Uma avaliação semelhante apareceu no site espanhol Aceprensa, de orientação conservadora. Apesar de reconhecer críticas ao elenco, à ambientação e a algumas opções estéticas, o veículo concluiu que esses aspectos perdem importância diante da força dramática da narrativa, da qualidade técnica da produção e das reflexões morais presentes no roteiro. O texto destaca temas como culpa, providência divina, liberdade humana, família e bom governo como alguns dos elementos centrais da adaptação.
Isso não significa que as preocupações levantadas antes da estreia tenham desaparecido. Elas continuam presentes em parte da crítica conservadora e provavelmente seguirão alimentando o debate sobre fidelidade à obra original, representação histórica e liberdade criativa nas adaptações cinematográficas. A diferença é que essas questões deixaram de ser o principal critério de avaliação do filme.

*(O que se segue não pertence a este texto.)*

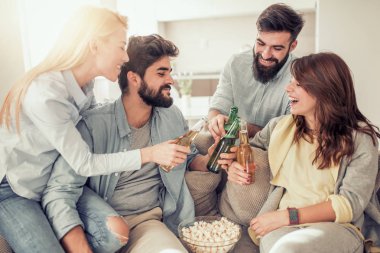 Neşeli grup arkadaşıyla birlikte bira içip patlamış mısır evde yemek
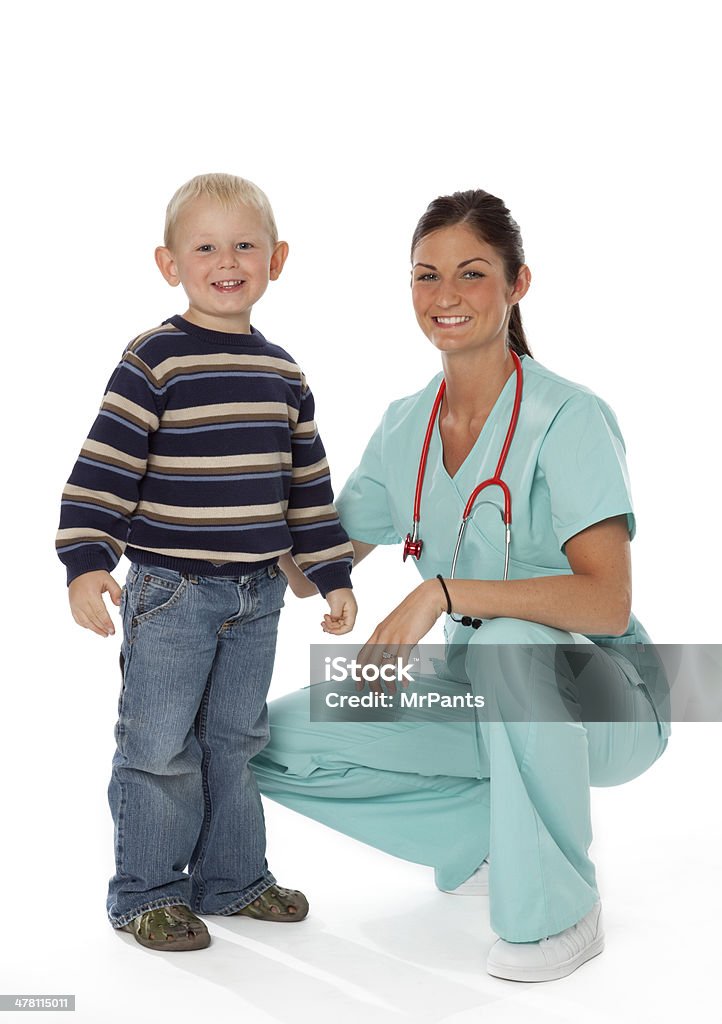 Nurse and Child on White Pretty young nurse with young boy on white background White Background Stock Photo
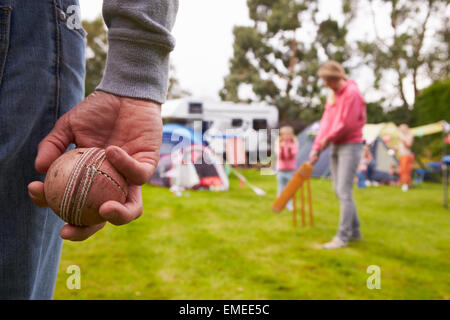Family Playing Cricket Match On Camping Holiday Stock Photo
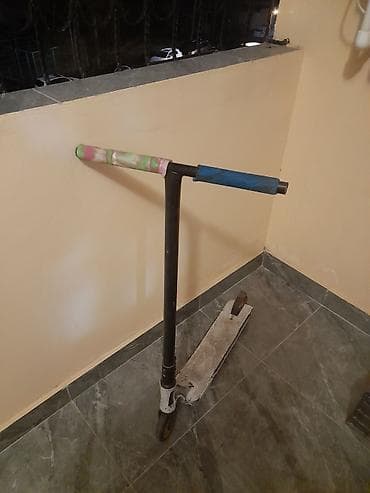 Freestyle skuter endirim var - T-formalı sükan: polad rəngli dirək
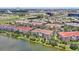 A tranquil aerial view of a lakeside community with well-maintained buildings and lush greenery at 5024 Shoreway Loop # 10106, Orlando, FL 32819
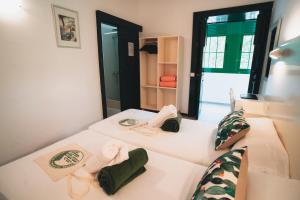 Postel nebo postele na pokoji v ubytování Hostal Colón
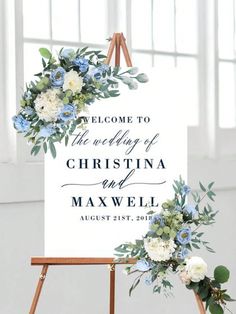 a welcome sign with blue flowers and greenery on it is displayed in front of a window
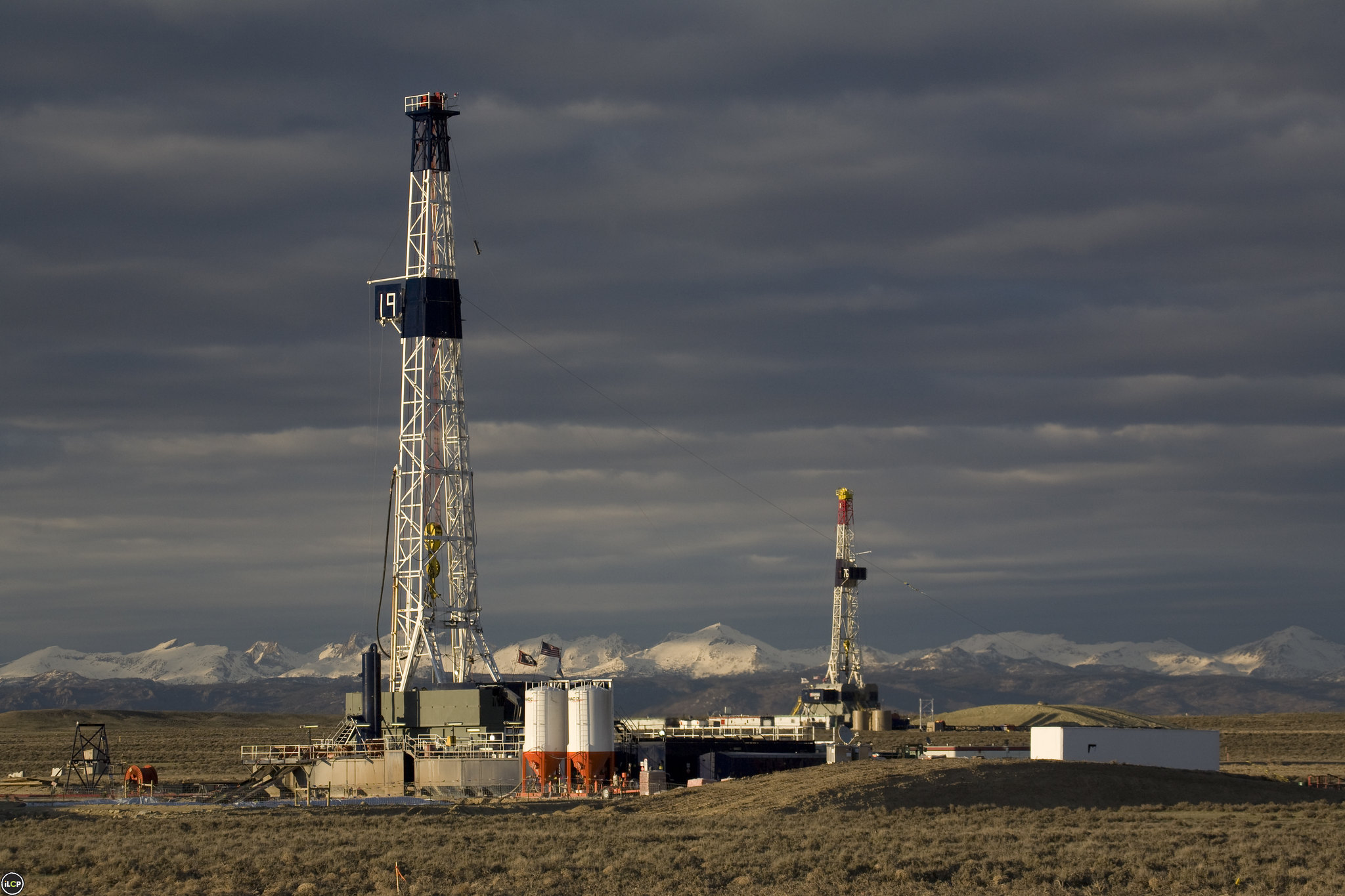 Photograph of drilling rigs in the Pinedale Anticline Natural Gas Field, Wyoming. The photo shows two drill rigs, one in the foreground, one in the background, with associated equipment. The rigs are on a flat, scrubby landscape. Snow-capped mountains can be seen on the horizon. The sky is overcast.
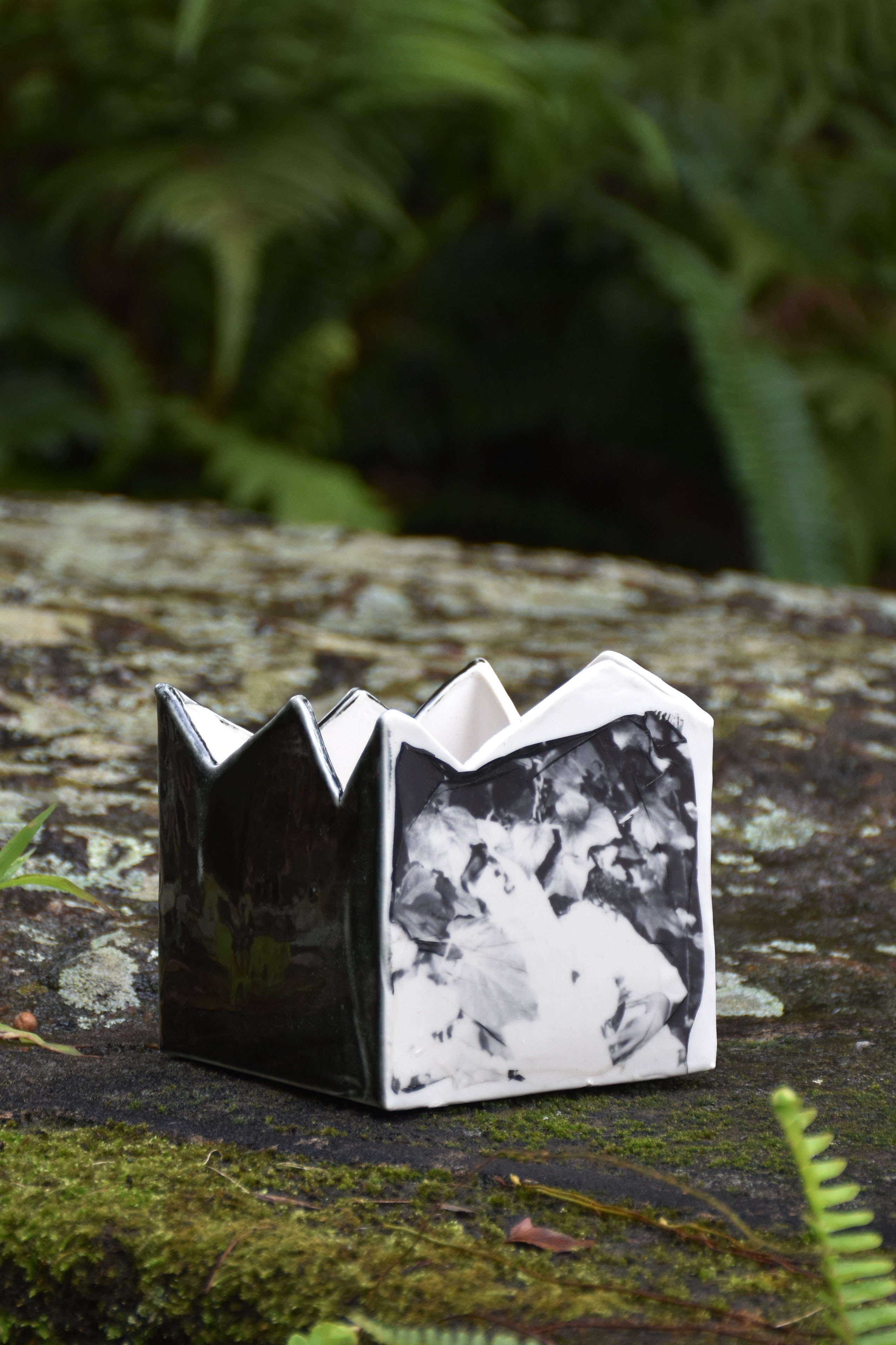 'Tender Eden', 2025. Polaroid emulsion and ceramic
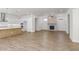 Spacious living room with a fireplace, ceiling fan, and open floor plan at 528 Pearl St, Cumming, GA 30519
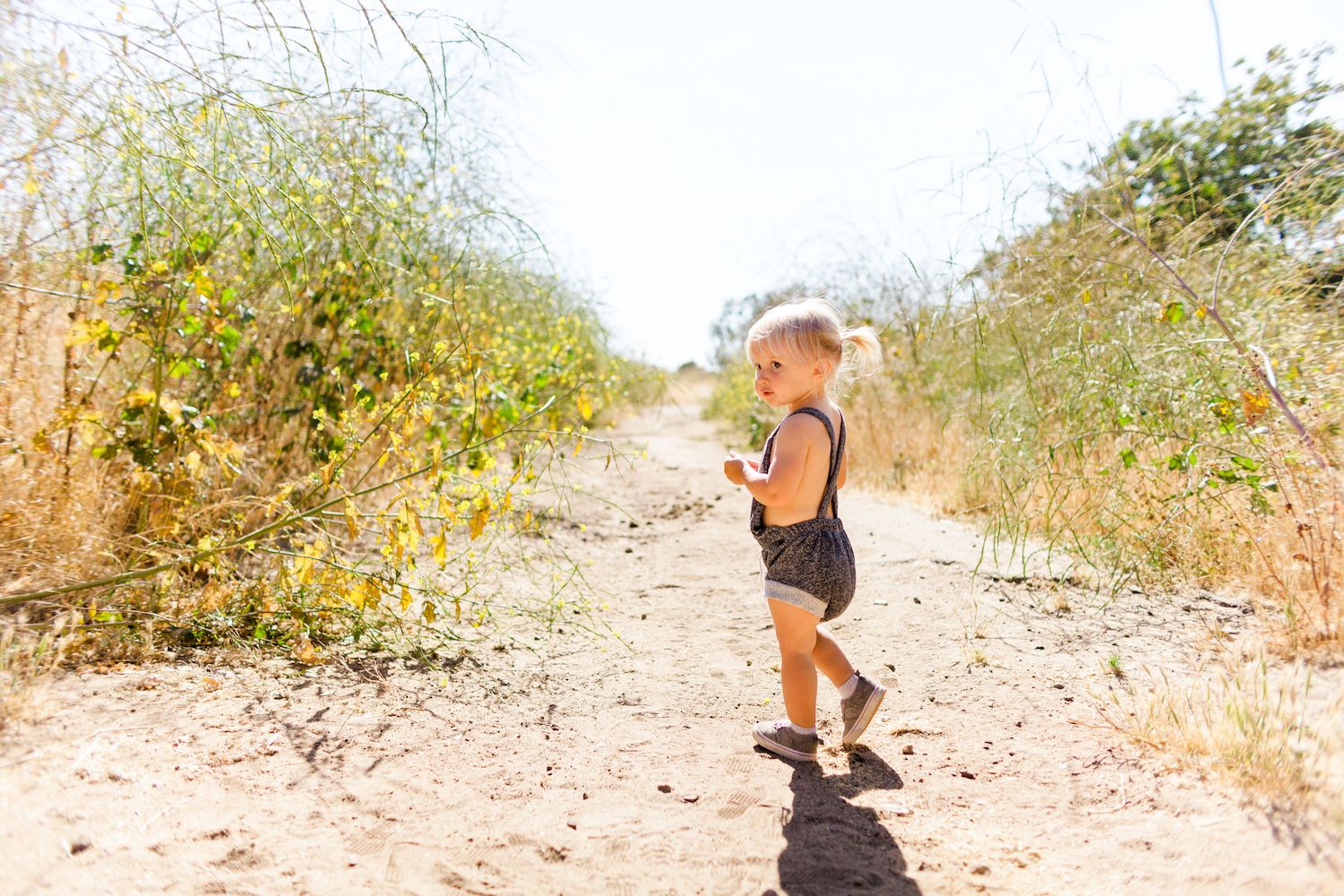 toddler wearing a romper in nature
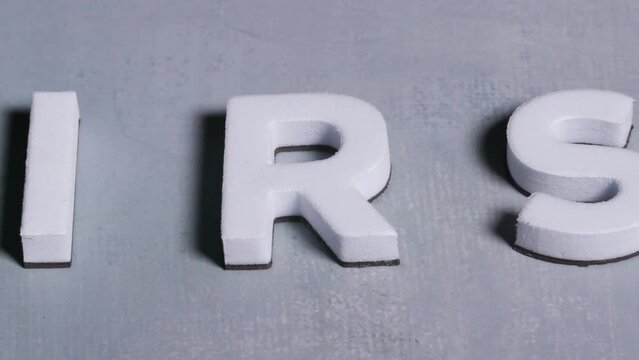 IRS internal revenue service 3d letters close up light blue background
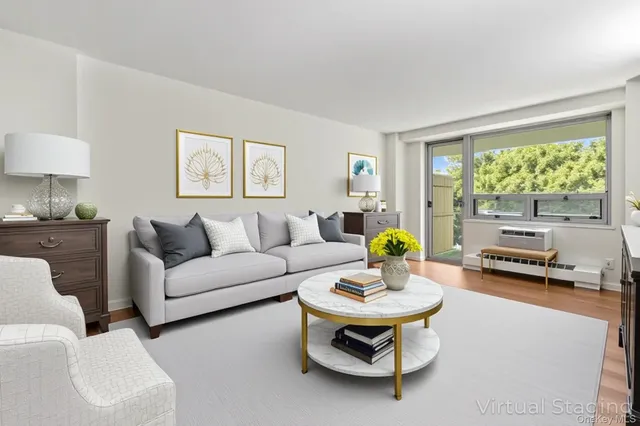 a view of a room with a table and chairs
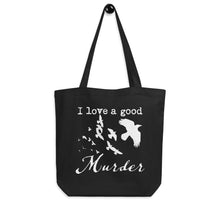 Load image into Gallery viewer, A black tote bag with a white graphic of a murder of crows with the words, "I love a good Murder" is hung on a peg in front of a white wall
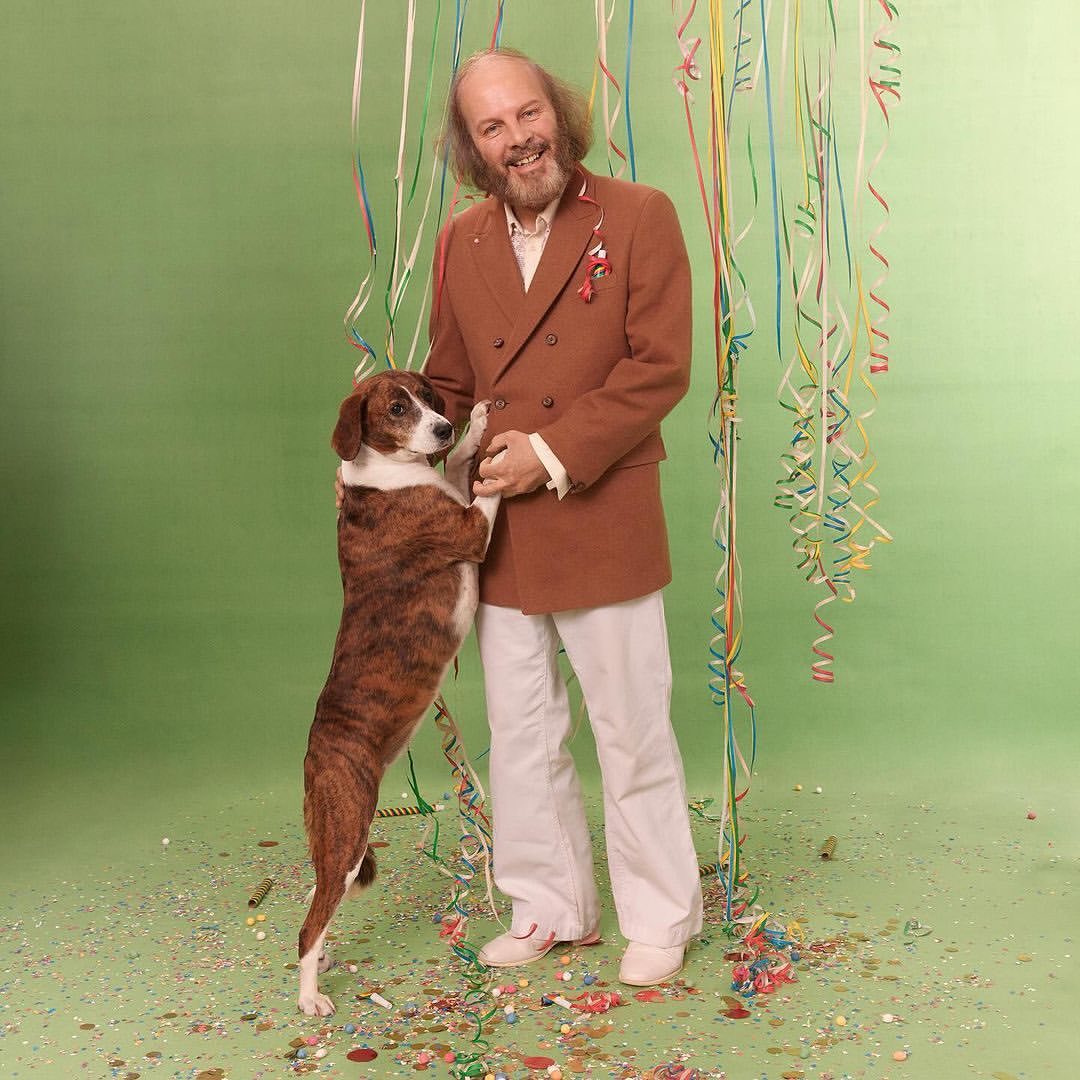 A man in a brown suit poses with a brown and white dog in a green photo studio with confetti and streamers, looking happy.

A recepção inicial sugere que, para boa parte da crítica — incluindo veículos conservadores e generalistas —, as qualidades técnicas, narrativas e dramáticas de A Odisseia acabaram se sobrepondo às controvérsias que dominaram o debate antes da estreia. Ainda é cedo para afirmar como essa percepção evoluirá com a chegada das avaliações do público e de novos críticos. No entanto, o cenário inicial indica que a discussão ideológica passou para um segundo plano diante da força da obra cinematográfica, reforçando a importância de separar o debate político do julgamento artístico e de permitir que cada espectador forme sua própria avaliação após assistir ao filme.